The students, who attend three high-needs city high schools, just completed the academically focused Upward Bound program, one of eight federal TRIO programs created for disadvantaged students.

“I’m so thrilled to be able to welcome Andrew Young to campus. He’s a champion for the disadvantaged,” said Don Patterson, Buffalo State’s Upward Bound director. “He marched next to the Rev. Martin Luther King Jr. in the 1960s and worked in the South to register blacks to vote. Now, we’re trying to level the playing field when it comes to educational opportunities. Education is the new civil right.”

During the banquet, Buffalo State will honor the 85-year-old Young by presenting him with the 2017 Hal Payne Educational Opportunity Lifetime Service Award.

“This is our way of thanking Ambassador Young for all he’s done to make this a better world,” Patterson said. “We can’t even begin to measure his impact.”

Since 1986, Buffalo State’s Upward Bound program has served ninth through 12th graders, primarily from Lafayette, McKinley, and East high schools, during a six-week summer residence on campus as well as an afterschool program. In the summer, participants study academic subjects with Buffalo Public School teachers and prepare for the following school year.

“We know that that the program works,” Patterson said. 

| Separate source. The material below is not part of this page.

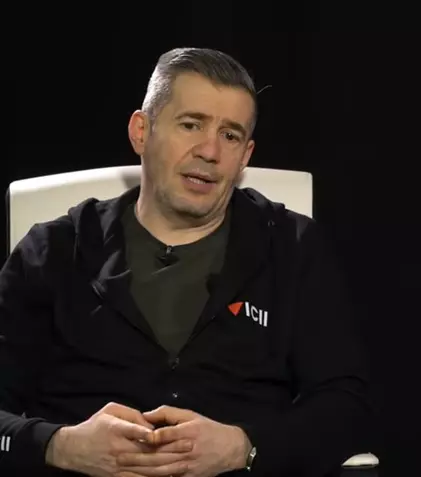 Dragoș Pătraru revine la TVR! Când începe „Starea Nației” și de ce o oferă gratis: „E un fel de echipă națională”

An impressive 90 percent of Upward Bound participants enroll in college after high school, including several who attend Buffalo State.

About Andrew Young Jr.
Born on March 12, 1932, in New Orleans, Louisiana, Young was a pastor who became active in the Civil Rights movement, working with the Rev. Martin Luther King Jr. in the Southern Christian Leadership Conference. In 1981, he was awarded the Presidential Medal of Freedom.